THE BIG BEASTS. It's giant-monsters-on-the-loose time, as this fourth chapter of Great Monsters of the Movies covers broad ground, from the revolutionary effects of the talented Willis O'Brien, to gorilla pictures, and enormous atomic-age beasts. This time, the focus is on King Kong (1933), Son of Kong (1933), and Mighty Joe Young (1949).

A MISCELLANY OF MONSTERS. Finally, a montage of monster flicks are paraded in the last chapter of Edelson's book, with particular emphasis on Werewolf of London (1935), Son of Dracula (1943), and Phantom of the Opera (1943).

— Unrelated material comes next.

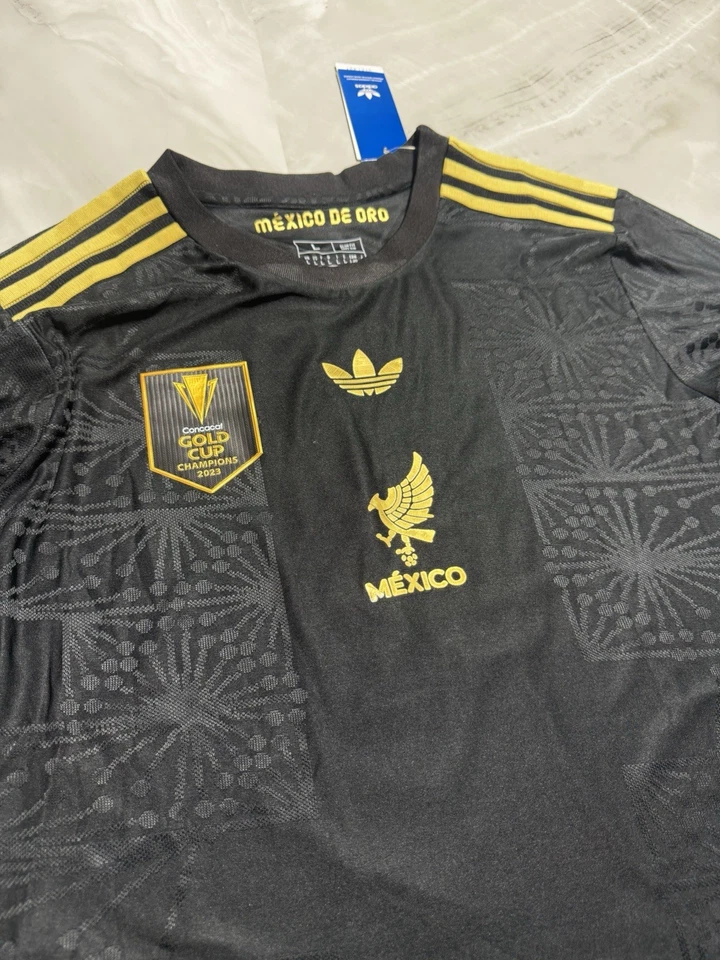 Camiseta de fútbol para hombre E. Álvarez México manga larga 2025 en negro/dorado - grande Foto 2 de 4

Topics involving sequels, remakes, mummy flicks, TV shows, Hammer Films, and American-International Pictures, are all briefly covered, while the films of Roger Corman, Terence Fisher, Herman Cohen, Ray Harryhausen, Vincent Price, Peter Cushing, and Christopher Lee are given a glance at.

Conveniently, an index of names, movie titles, and subject matter is provided at the end. Other films and TV Shows that Edelson mentions briefly throughout the book, are: The Lost World (1925); Dr. Jekyll and Mr. Hyde (1931); The Mask of Fu Manchu (1932); The Black Cat (1934); Mark of the Vampire (1935); The Raven (1935); Dracula's Daughter (1936); Tim Tyler's Luck (1937); The Man They Could Not Hang (1939); The Man with Nine Lives (1940); The Mummy's Hand (1940); The Mummy's Tomb (1942); The Ape Man (1943); The Mummy's Ghost (1944); The Mummy's Curse (1944); Bud Abbott and Lou Costello Meet Frankenstein (1948); Creature from the Black Lagoon (1954); It Came from Beneath the Sea (1955); Rodan (1956); The Curse of Frankenstein (1957); I Was a Teenage Frankenstein (1957); I Was a Teenage Werewolf (1957); Horror of Dracula (1958); The 7th Voyage of Sinbad (1958); The Mummy (1959); Dinosaurus! (1960); The Fall of the House of Usher (1960); The Curse of the Werewolf (1961); Mysterious Island (1961); Pit and the Pendulum (1961); The Day of the Triffids (1962); King Kong vs. Godzilla (1962); The Phantom of the Opera (1962); The Haunted Palace (1963); Jason and the Argonauts (1963); The Raven (1963); The Masque of the Red Death (1964); The Addams Family (1964-1966); The Munsters (1964-1966); Die, Monster, Die! (1965); Planet of the Vampires (1965); Dracula, Prince of Darkness (1966); and Dark Shadows (1966-1971).